» Exercise requirements:
The entries are to be output word for word, with the pictures omitted.

» Short web captions:
☆ ☆ ☆ ☆
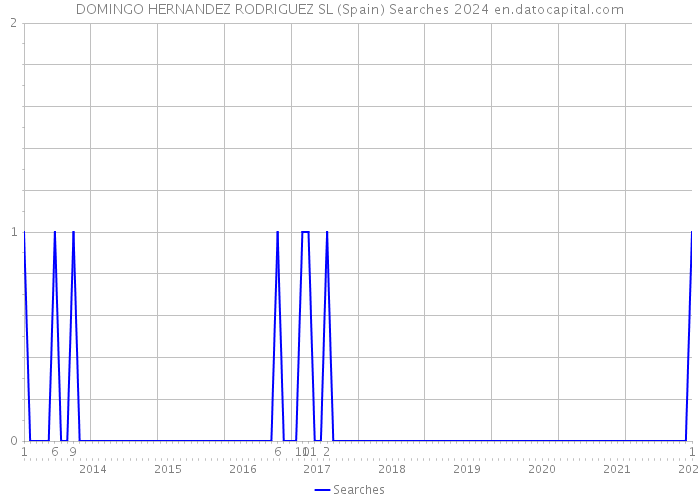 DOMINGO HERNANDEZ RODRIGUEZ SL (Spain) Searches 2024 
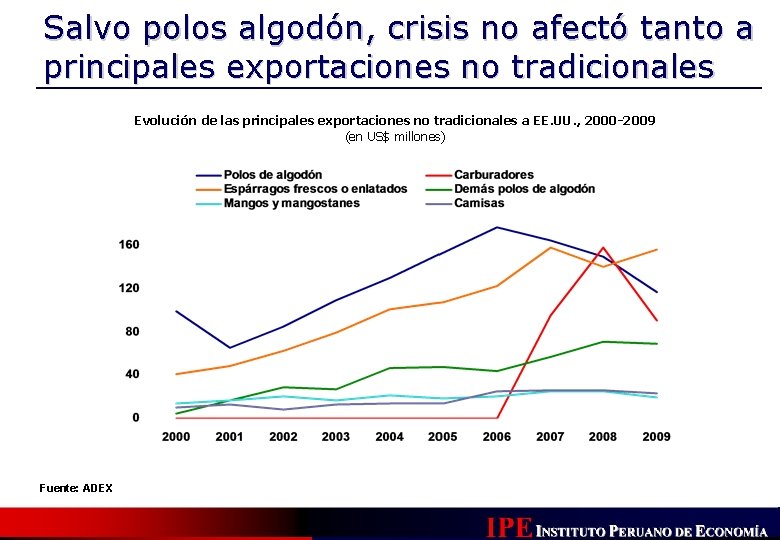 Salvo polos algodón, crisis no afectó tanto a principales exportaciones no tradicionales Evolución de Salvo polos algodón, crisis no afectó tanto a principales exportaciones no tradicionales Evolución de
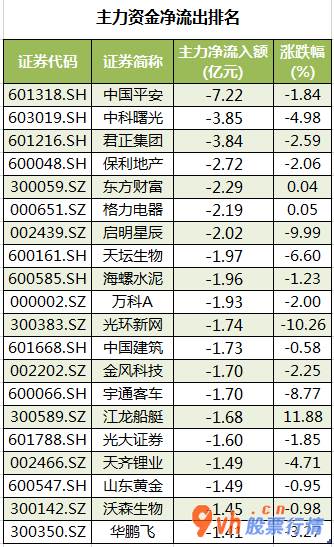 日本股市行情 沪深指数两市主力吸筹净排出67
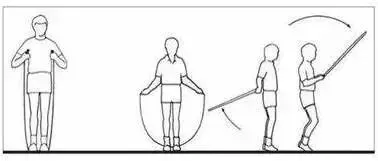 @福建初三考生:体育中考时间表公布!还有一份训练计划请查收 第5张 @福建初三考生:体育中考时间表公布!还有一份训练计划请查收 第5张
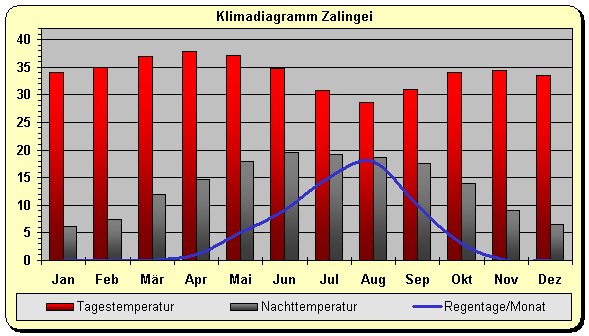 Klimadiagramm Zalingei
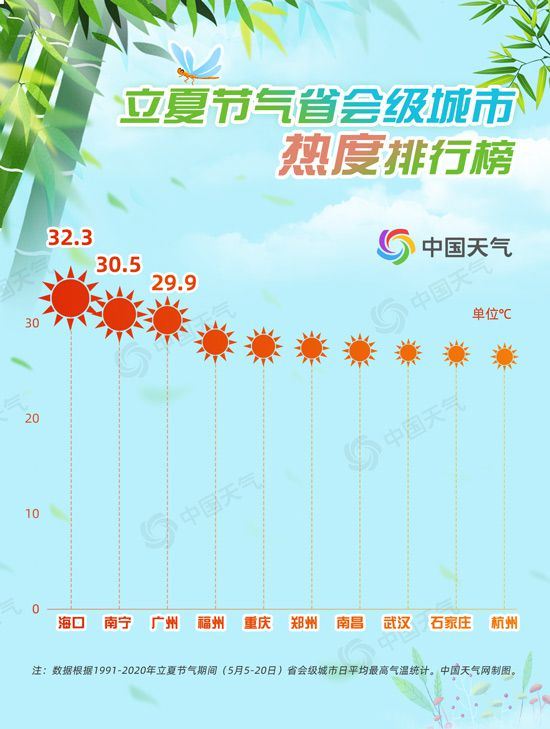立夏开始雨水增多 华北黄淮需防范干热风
☆ ☆ ☆ ☆
» Solved problem:
 DOMINGO HERNANDEZ RODRIGUEZ SL (Spain) Searches 2024 
 Salvo polos algodón, crisis no afectó tanto a principales exportaciones no tradicionales Evolución de Salvo polos algodón, crisis no afectó tanto a principales exportaciones no tradicionales Evolución de
 日本股市行情 沪深指数两市主力吸筹净排出67
 @福建初三考生:体育中考时间表公布!还有一份训练计划请查收 第5张 @福建初三考生:体育中考时间表公布!还有一份训练计划请查收 第5张
 Klimadiagramm Zalingei
立夏开始雨水增多 华北黄淮需防范干热风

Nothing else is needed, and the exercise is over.